Testing TriadicMemory with 100000 SDRs of size 1000 and solidity of 10 ON bits

100000 vectors generated in 1602 ms
100000 triples stored in 1524 ms
Begin retrieval test…
100000 queries for Z in 6626 ms
searching for errors…
0 errors - see diferents variable
Now query for X-es…
100000 queries for X in 120780 ms
0 errors - see x_diferents variable
Now query for Y-es…
100000 queries for Y in 66440 ms
0 errors - see y_diferents variable

It seems depending on numpy’s abilities is problematic… will see if/how can be numbified.

PS: the sdrsdm.py at least works correctly now…

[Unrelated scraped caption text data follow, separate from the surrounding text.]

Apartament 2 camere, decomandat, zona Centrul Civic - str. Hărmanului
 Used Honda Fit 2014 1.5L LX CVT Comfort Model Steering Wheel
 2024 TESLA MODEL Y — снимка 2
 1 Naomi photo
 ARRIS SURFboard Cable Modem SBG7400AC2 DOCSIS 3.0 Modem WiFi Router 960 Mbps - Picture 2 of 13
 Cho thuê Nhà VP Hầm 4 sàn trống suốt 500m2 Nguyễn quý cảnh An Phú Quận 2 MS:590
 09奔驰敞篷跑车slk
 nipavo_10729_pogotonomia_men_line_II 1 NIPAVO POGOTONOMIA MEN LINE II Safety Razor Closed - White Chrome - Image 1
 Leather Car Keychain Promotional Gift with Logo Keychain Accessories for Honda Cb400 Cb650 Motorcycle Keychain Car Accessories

That’s a clever trick! You’re storing the triplets in two different memory order at the same place (using higher and lower nibble) to take advantage of memory line cache… I used your trick and got a nice improvement for z,x queries… y remains slow obviously but maybe with 16 bit storage this can also be fixed!
Thanks!

Before:

julia> include("triadicmemory.jl")
inserting 10000 vectors
preparing 10000 vectors took 0.224970541 seconds: 44450.26 per sec
inserting 10000 vectors took 0.120853452 seconds: 82744.84 per sec
  **5.04370**7 seconds (2.33 M allocations: 2.086 GiB, 1.03% gc time, 0.73% compilation time)
querying z 10000 vectors took 5.043705869 seconds: 1982.67 per sec, 0 errors
  **5.448775** seconds (2.30 M allocations: 2.085 GiB, 1.70% gc time, 0.36% compilation time)
querying y 10000 vectors took 5.448774256 seconds: 1835.28 per sec, 0 errors
  **0.511984** seconds (2.30 M allocations: 2.085 GiB, 12.17% gc time, 3.81% compilation time)
querying x 10000 vectors took 0.511983305 seconds: 19531.89 per sec, 0 errors

after


julia> include("triadicmemory.jl")
inserting 10000 vectors
preparing 10000 vectors took 0.222409913 seconds: 44962.02 per sec
inserting 10000 vectors took 0.222854019 seconds: 44872.42 per sec
  **0.851685** seconds (2.30 M allocations: 3.038 GiB, 15.34% gc time, 2.38% compilation time)
querying z 10000 vectors took 0.851684057 seconds: 11741.44 per sec, 0 errors
  **5.694842** seconds (2.28 M allocations: 3.037 GiB, 4.96% gc time)
querying y 10000 vectors took 5.694841575 seconds: 1755.98 per sec, 0 errors
  **0.845069** seconds (2.48 M allocations: 3.047 GiB, 16.27% gc time, 4.28% compilation time)
querying x 10000 vectors took 0.845068203 seconds: 11833.36 per sec, 0 errors
2 Likes

@rogert, @LiorA,
whatever magic you’re doing here, would that be possible in the C version?

Since the write times doubles I guess they write the data in two ways each aligned to be fastest for a different query.
I guess they split each byte in two 4 bit numbers.

An useful property would be ability to handle many writes as a form of refresh.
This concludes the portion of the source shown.